Finally, start your own website. It doesn’t need to be incredibly well coded or even unique. There are lots of content management systems (CMSs) out there like WordPress which can get you up and running in a very short space of time. Use the website to post news (cross-posted to your various social media accounts, of course) and keep it up to date with stream schedules, photos, YouTube clips and details of how to hire you (including a business email).
You can also create a page which explains who you are and what you do, as this way those who visit the site out of curiosity will get to know you better. With a website, you will also rank in Google for your name, especially if you ensure that the meta title in your main page includes your full name and nickname as well as the words “esports broadcaster” or “shoutcaster” as the two main popular searches for the job role.
If you really want to do it properly, ensure you also put together a highlight reel. This is a short five to seven minute video that showcases your best commentary or hosting from events, tournaments or matches you have taken part in.
If you have the right voice, you may want to do some voice work too. Contacting popular video creators on YouTube and offering your services to narrate or commentate their frag movies or videos free of charge will allow you to reach a much larger audience. As it’s free, insist on a credit in the video together with a link to your social media profile or website – most will usually agree as it hasn’t cost them anything.
Money and negotiating fees
One of the least written about areas in esports broadcasting is money.

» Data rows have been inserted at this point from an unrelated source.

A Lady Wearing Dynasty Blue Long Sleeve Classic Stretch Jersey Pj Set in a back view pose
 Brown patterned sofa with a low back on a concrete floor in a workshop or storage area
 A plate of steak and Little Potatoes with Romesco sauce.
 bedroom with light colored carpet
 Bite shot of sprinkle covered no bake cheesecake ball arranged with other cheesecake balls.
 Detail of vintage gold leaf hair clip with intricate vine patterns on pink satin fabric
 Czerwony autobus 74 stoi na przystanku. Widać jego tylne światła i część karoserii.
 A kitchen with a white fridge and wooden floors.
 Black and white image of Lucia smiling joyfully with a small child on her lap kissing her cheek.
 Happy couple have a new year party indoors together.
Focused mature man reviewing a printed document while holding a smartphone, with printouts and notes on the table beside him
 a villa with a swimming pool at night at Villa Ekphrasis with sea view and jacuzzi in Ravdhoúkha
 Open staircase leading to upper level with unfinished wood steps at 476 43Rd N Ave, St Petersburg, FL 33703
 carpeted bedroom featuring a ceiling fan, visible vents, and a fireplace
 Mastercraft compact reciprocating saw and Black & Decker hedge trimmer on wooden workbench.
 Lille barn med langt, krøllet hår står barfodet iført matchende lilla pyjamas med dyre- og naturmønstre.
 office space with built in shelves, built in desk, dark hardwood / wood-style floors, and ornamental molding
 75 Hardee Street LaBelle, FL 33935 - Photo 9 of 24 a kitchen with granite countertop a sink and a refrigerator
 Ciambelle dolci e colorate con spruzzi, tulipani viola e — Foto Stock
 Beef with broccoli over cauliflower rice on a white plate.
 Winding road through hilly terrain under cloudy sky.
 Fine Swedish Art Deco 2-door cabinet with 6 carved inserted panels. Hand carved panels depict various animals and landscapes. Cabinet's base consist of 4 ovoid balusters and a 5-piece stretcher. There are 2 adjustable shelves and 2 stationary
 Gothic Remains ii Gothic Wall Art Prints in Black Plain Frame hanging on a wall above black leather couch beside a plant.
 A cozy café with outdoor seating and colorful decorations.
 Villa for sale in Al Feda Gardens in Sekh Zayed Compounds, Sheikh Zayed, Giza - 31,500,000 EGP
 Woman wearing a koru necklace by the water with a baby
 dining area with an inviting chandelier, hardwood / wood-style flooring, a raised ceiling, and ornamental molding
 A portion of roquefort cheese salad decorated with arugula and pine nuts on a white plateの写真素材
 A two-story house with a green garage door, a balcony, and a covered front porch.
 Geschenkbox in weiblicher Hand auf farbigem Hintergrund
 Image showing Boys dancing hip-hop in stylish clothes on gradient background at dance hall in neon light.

A common question from newly popular commentators and hosts is “how much should I charge?”. It’s a really difficult question to answer as each one is specific to the person asking it.
I can, however, give some broad ideas regarding the money you should be asking for from tournament organisers and shows, but you also have to factor a few other things into the equation before coming up with a fee, including:
- The type of event (how big it is, who’s running it, etc)
- Is it mainstream TV (these guys have totally different budgets)?
- Is it a marketing campaign (it’s important to understand which pot of money your fee is coming from)?
- Is it a traditional esports organizer?
- Are there any major publishers involved?
- How experienced are you?
- What do you bring to the event in addition to yourself?
- Distance/the amount of travel required
A big misconception newer broadcasters have is regarding prize money, or more specifically talent using what’s being given away as prize money as a guide to how much they can ask for. Let me tell you it from both sides of the fence here: you cannot base your fee on how big the prize pool is, high or low. It usually comes from a totally different pot of money external to running expenses (under which you are certainly included) and is possibly provided by a mix of different sources.
Of course, the prize money does have an effect on how big the tournament will be or on what kind of stage it will be shown, but don’t use the prize fund as a foolproof guide as to how much money you should earn from the event.
One of the things you can do is determine how badly you want to be at the event and/or what game it’s hosting. If it’s a game you don’t enjoy or an event you don’t want to be at, then you can of course ask for a higher fee on the basis that it becomes your reward for the event beyond actually wanting to be there.
While you can have a rate card for your services, you should be prepared to be flexible with it – and in both directions of the pay scale. If a rate card seems too complicated, stick to one fee you charge for all events on a daily basis and never waver from. Smaller events might not be able to pay you it but the larger ones will consider you a cheap option, which may lead to more gigs, ultimately balancing out what you may have earned from a wide-ranging rate card.
Alternatively you can hire someone to deal with all of this for you, and there are now plenty of ‘agents’ in esports who will look after your finances and help get you in front of potential shows or events. They will also take a cut of the fee they get for you, which can range from 10% to 60% depending on who you go with. All of them offer various levels of services, from simple fee negotiation to arranging everything for you from flights to hotels as well as taxation advice.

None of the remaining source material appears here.